But it is not to be understood that the movement of a great herd,
because it was made on a run, necessarily partook of the nature of a
stampede in which a herd sweeps forward in a body. The most graphic
account that I ever obtained of facts bearing on this point was
furnished by Mr. James McNaney, drawn from his experience on the
northern buffalo range in 1882. His party reached the range (on
Beaver Creek, about 100 miles south of Glendive) about the middle of
November, and found buffaloes already there; in fact they had begun
to arrive from the north as early as the middle of October. About
the first of December an immense herd arrived from the north.

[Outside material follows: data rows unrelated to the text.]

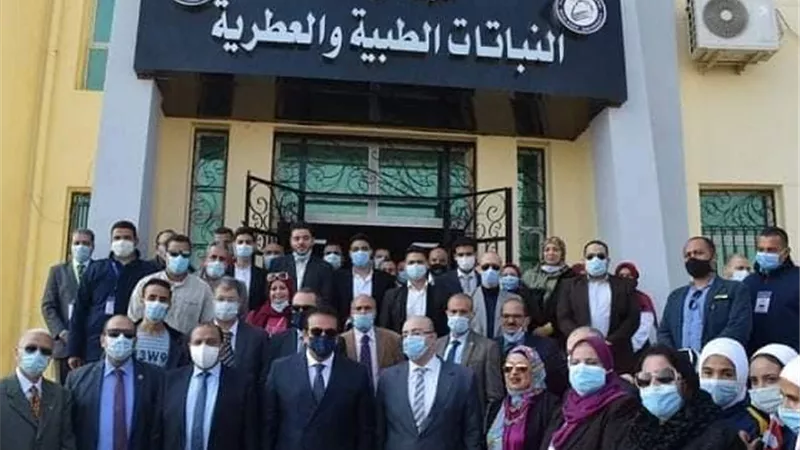اعلان نتيجة معهد النباتات الطبية والعطرية ببنى سويف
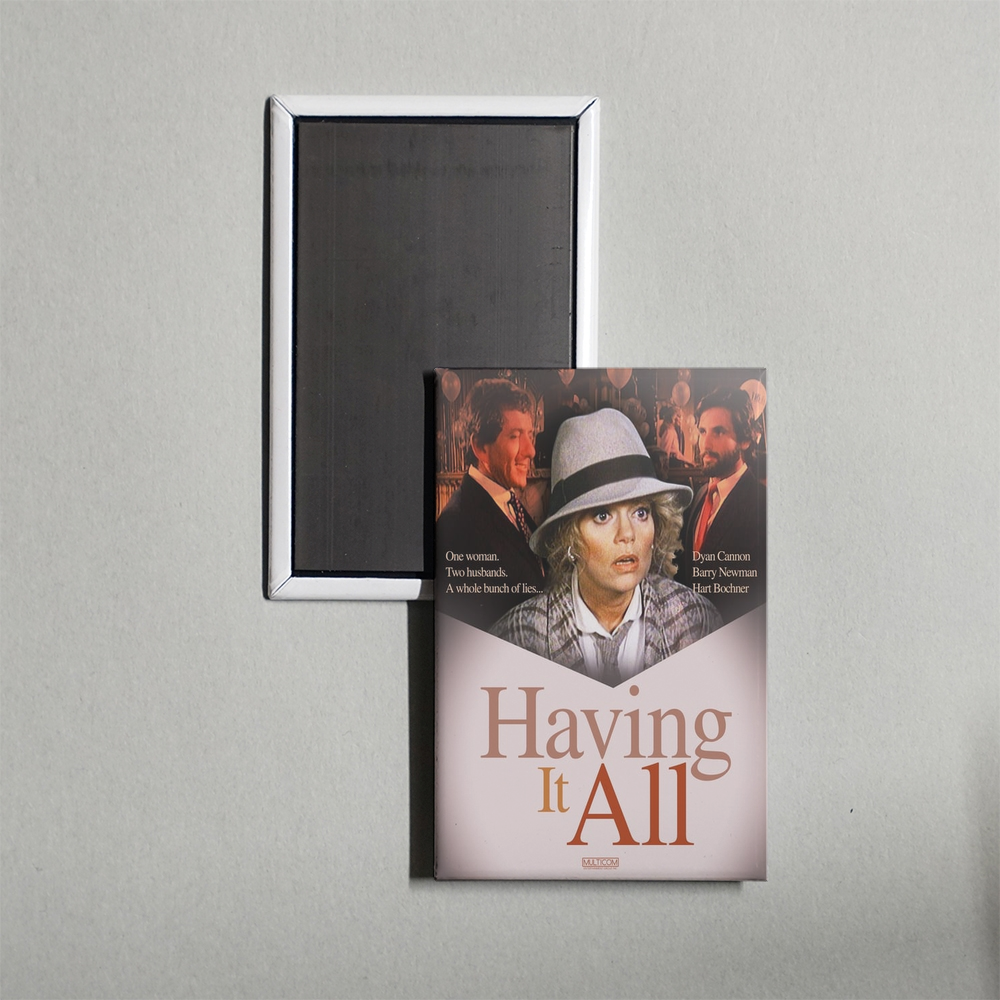 Having It All Mini Movie Fridge Magnet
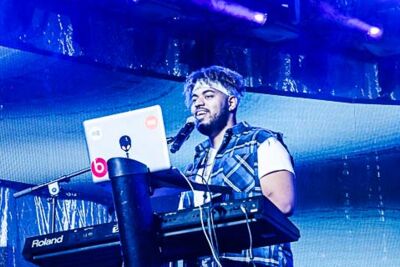 Kaï @ Antilliaanse Feesten, picture 5, photographed by Gert Daemen - FrontView Magazine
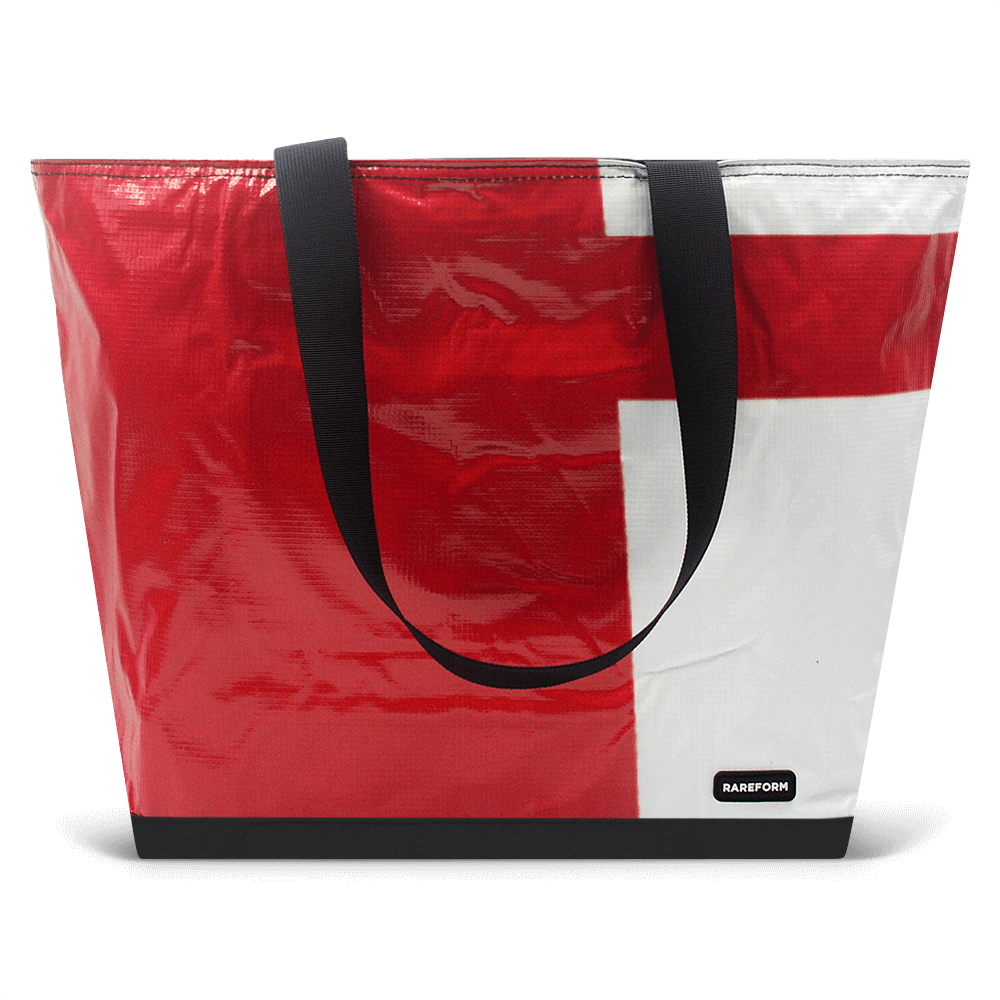 Zippered Blake Tote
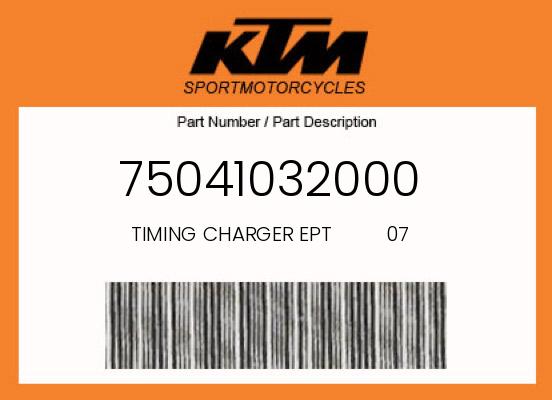 KTM OEM Timing Charger EPT 2007-2013 690 Duke/Enduro/SMC - 75041032000 undefined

It
reached their vicinity one night, about 10 o'clock, in a mass that
seemed to spread everywhere. As the hunters sat in their tents,
loading cartridges and cleaning their rifles, a low rumble was
heard, which gradually increased to "a thundering noise," and some
one exclaimed, "There! that's a big herd of buffalo coming in!" All
ran out immediately, and hallooed and discharged rifles to keep the
buffaloes from running over their tents. Fortunately, the horses
were picketed some distance away in a grassy coulée, which the
buffaloes did not enter. The herd came at a jog trot, and moved
quite rapidly. "In the morning the whole country was black with
buffalo." It was estimated that 10,000 head were in sight. One
immense detachment went down on to a "flat" and laid down. There it
remained quietly, enjoying a long rest, for about ten days. It
gradually broke up into small bands, which strolled off in various
directions looking for food, and which the hunters quietly attacked.

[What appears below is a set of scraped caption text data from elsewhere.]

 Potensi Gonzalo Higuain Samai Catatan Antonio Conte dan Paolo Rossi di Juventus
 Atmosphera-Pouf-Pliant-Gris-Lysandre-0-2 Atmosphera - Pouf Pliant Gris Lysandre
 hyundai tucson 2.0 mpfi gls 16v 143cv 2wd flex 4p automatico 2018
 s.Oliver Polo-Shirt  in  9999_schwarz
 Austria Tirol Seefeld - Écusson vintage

A still more striking event occurred about Christmas time at the
same place. For a few days the neighborhood of McNaney's camp had
been entirely deserted by buffaloes, not even one remaining. But one
morning about daybreak a great herd which was traveling south began
to pass their camp. A long line of moving forms was seen advancing
rapidly from the northwest, coming in the direction of the hunters'
camp. It disappeared in the creek valley for a few moments, and
presently the leaders suddenly came in sight again at the top of "a
rise" a few hundred yards away, and came down the intervening slope
at full speed, within 50 yards of the two tents. After them came a
living stream of followers, all going at a gallop, described by the
observer as "a long lope," from four to ten buffaloes abreast.
Sometimes there would be a break in the column of a minute's
duration, then more buffaloes would appear at the brow of the hill,
and the column went rushing by as before. The calves ran with their
mothers, and the young stock got over the ground with much less
exertion than the older animals. For about four hours, or until past
11 o'clock, did this column of buffaloes gallop past the camp over a
course no wider than a village street. Three miles away toward the
south the long dark line of bobbing humps and hind quarters wound to
the right between two hills and disappeared. True to their
instincts, the hunters promptly brought out their rifles, and began
to fire at the buffaloes as they ran. A furious fusilade was kept up
from the very doors of the tents, and from first to last over fifty
buffaloes were killed. Some fell headlong the instant they were hit,
but the greater number ran on until their mortal wounds compelled
them to halt, draw off a little way to one side, and finally fall in
their death struggles.
Mr. McNaney stated that the hunters estimated the number of
buffaloes on that portion of the range that winter (1881-'82) at
100,000.
It is probable, and in fact reasonably certain, that such
forced-march migrations as the above were due to snow-covered
pastures and a scarcity of food on the more northern ranges. Having
learned that a journey south will bring him to regions of less snow
and more grass, it is but natural that so lusty a traveler should
migrate. The herds or bands which started south in the fall months
traveled more leisurely, with frequent halts to graze on rich
pastures. The advance was on a very different plan, taking place in
straggling lines and small groups dispersed over quite a scope of
country.
Unless closely pursued, the buffalo never chose to make a journey of
several miles through hilly country on a continuous run. Even when
fleeing from the attack of a hunter, I have often had occasion to
notice that, if the hunter was a mile behind, the buffalo would
always walk when going uphill; but as soon as the crest was gained
he would begin to run, and go down the slope either at a gallop or a
swift trot. In former times, when the buffalo's world was wide, when
retreating from an attack he always ran against the wind, to avoid
running upon a new danger, which showed that he depended more upon
his sense of smell than his eye-sight. During the last years of his
existence, however, this habit almost totally disappeared, and the
harried survivors learned to run for the regions which offered the
greatest safety. But even to-day, if a Texas hunter should go into
the Staked Plains, and descry in the distance a body of animals
running against the wind, he would, without a moment's hesitation,
pronounce them buffaloes, and the chances are that he would be
right.
In winter the buffalo used to face the storms, instead of turning
tail and "drifting" before them helplessly, as domestic cattle do.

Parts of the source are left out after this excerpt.